[Records excerpted from a collection]

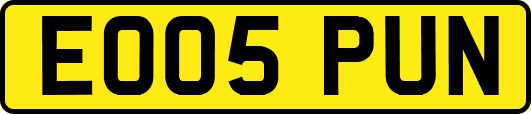 EO05PUN
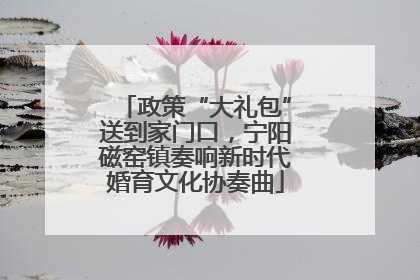 政策“大礼包”送到家门口，宁阳磁窑镇奏响新时代婚育文化协奏曲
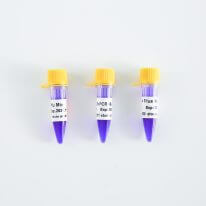 PCR Mix升級丨趁“熱啟動”，體驗升級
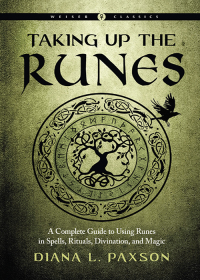 Cover image: Taking Up the Runes 9781578637294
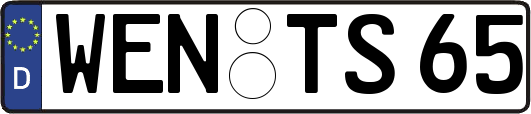 WEN-TS65
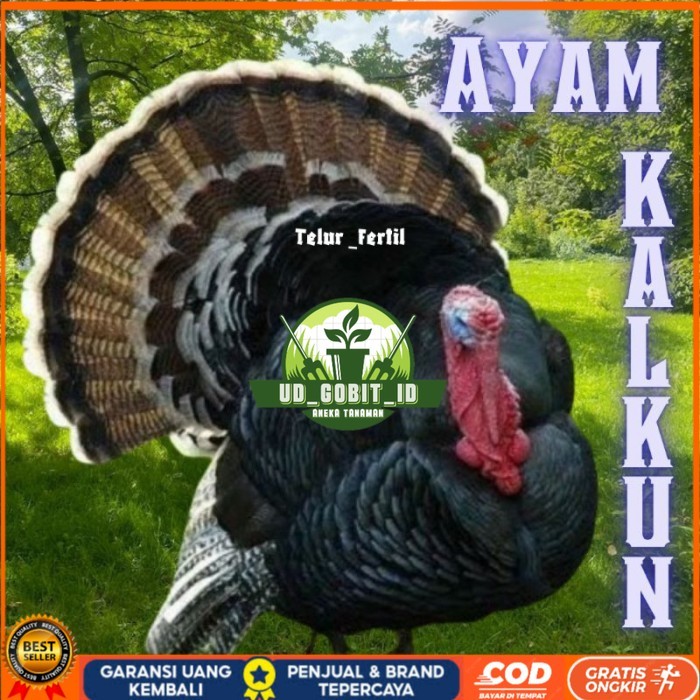 

telur ayam kalkun untuk ditetaskan original berkualitas UD_GOBIT_ID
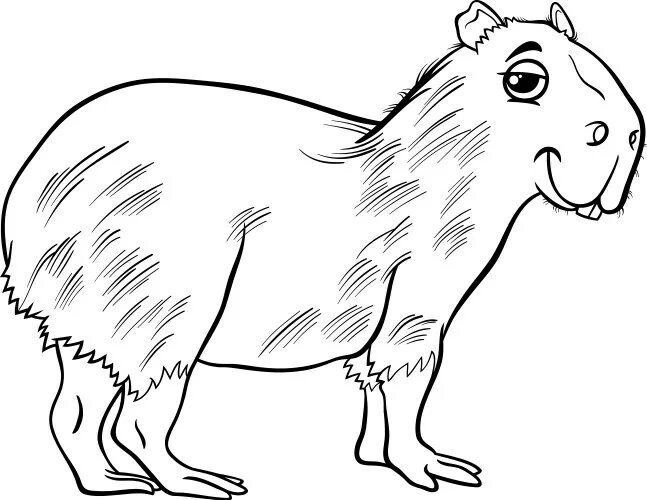 Капибара фото шаблон для раскраски Capybara animal cartoon coloring page Royalty Free Vector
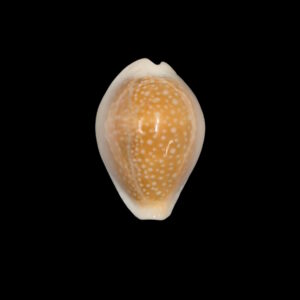 BC230 Naria miliaris bonfantinii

§ **What you should do**
Output every line of the records above unchanged, and keep the pictures out.

§ **Task solution**
 EO05PUN
 政策“大礼包”送到家门口，宁阳磁窑镇奏响新时代婚育文化协奏曲
 PCR Mix升級丨趁“熱啟動”，體驗升級
 Cover image: Taking Up the Runes 9781578637294
 WEN-TS65

telur ayam kalkun untuk ditetaskan original berkualitas UD_GOBIT_ID
 Капибара фото шаблон для раскраски Capybara animal cartoon coloring page Royalty Free Vector
 BC230 Naria miliaris bonfantinii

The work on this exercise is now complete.